[MATERIAL PROVIDED]:
· · ·
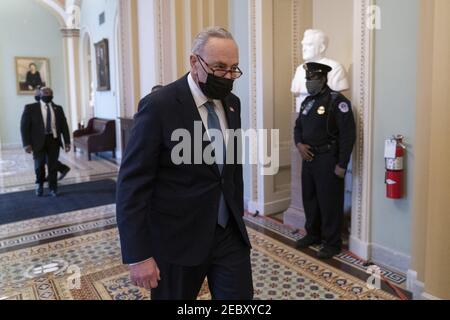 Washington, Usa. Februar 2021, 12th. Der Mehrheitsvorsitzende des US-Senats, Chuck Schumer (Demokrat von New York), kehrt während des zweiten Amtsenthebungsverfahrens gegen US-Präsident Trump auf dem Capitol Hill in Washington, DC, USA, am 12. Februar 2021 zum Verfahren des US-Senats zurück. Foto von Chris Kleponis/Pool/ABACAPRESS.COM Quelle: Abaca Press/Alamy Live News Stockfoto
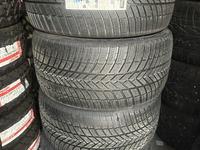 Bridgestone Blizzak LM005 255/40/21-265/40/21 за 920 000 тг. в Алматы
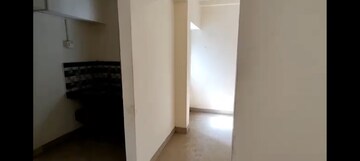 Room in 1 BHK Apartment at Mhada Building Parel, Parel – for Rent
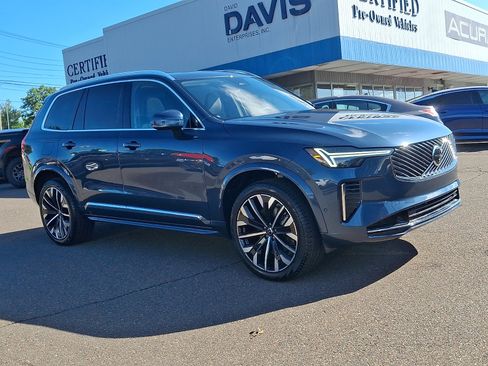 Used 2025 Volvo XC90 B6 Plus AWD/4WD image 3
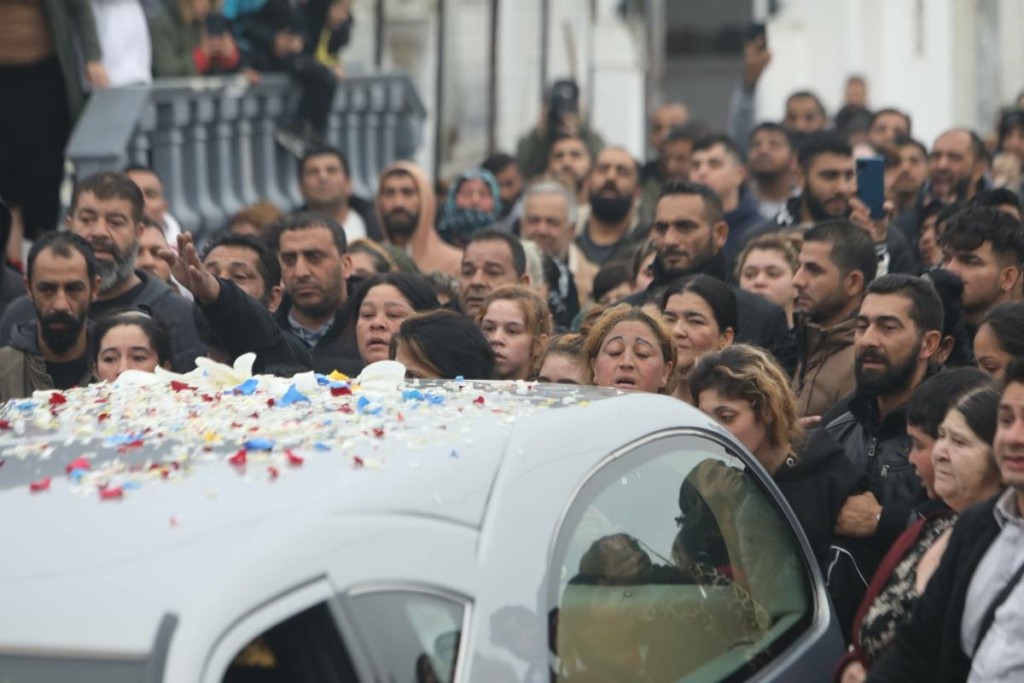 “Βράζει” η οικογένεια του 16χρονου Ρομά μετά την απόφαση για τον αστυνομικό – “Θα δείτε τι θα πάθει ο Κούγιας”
· · ·
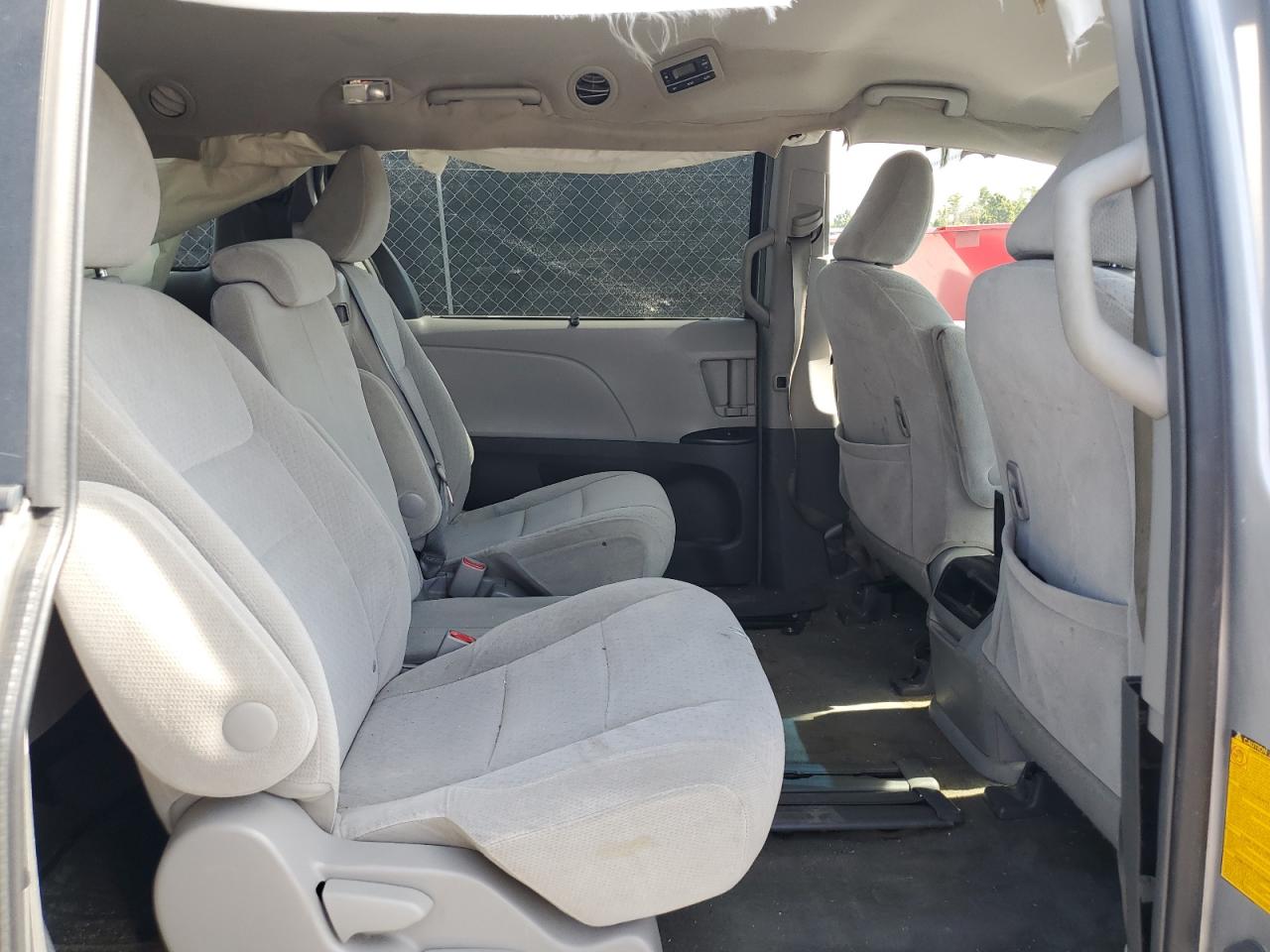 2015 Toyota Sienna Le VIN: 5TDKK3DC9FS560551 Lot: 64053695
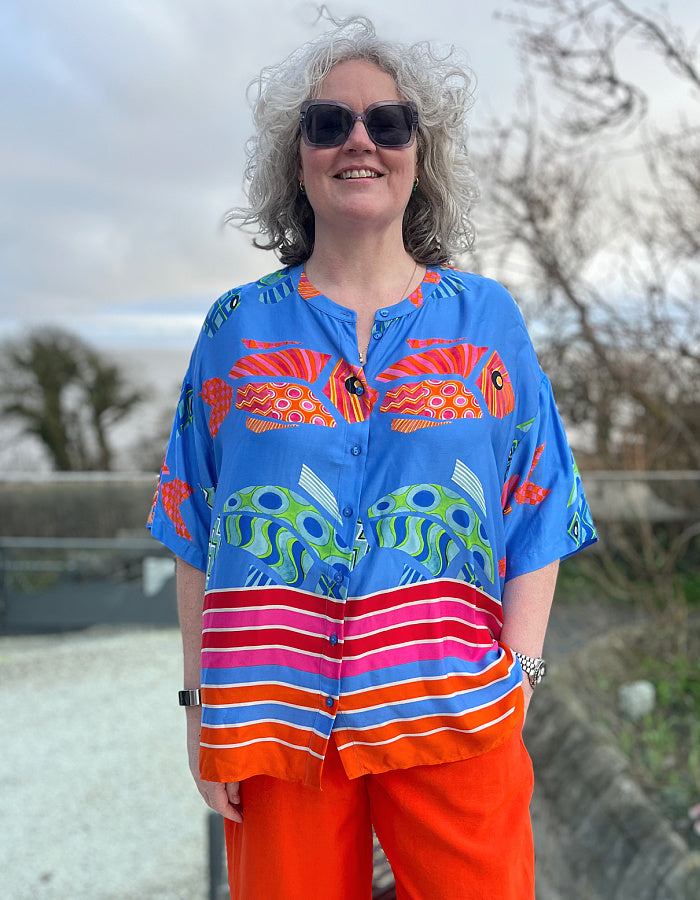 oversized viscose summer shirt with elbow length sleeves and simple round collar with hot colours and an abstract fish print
· · ·
[INSTRUCTIONS TO FOLLOW]:
What's needed is an exact copy of the records above from the line containing "Room in 1 BHK" down to the line containing "η οικογένεια του", both included, without any pictures.

[EXERCISE SOLUTION]:
 Room in 1 BHK Apartment at Mhada Building Parel, Parel – for Rent
 Used 2025 Volvo XC90 B6 Plus AWD/4WD image 3
 “Βράζει” η οικογένεια του 16χρονου Ρομά μετά την απόφαση για τον αστυνομικό – “Θα δείτε τι θα πάθει ο Κούγιας”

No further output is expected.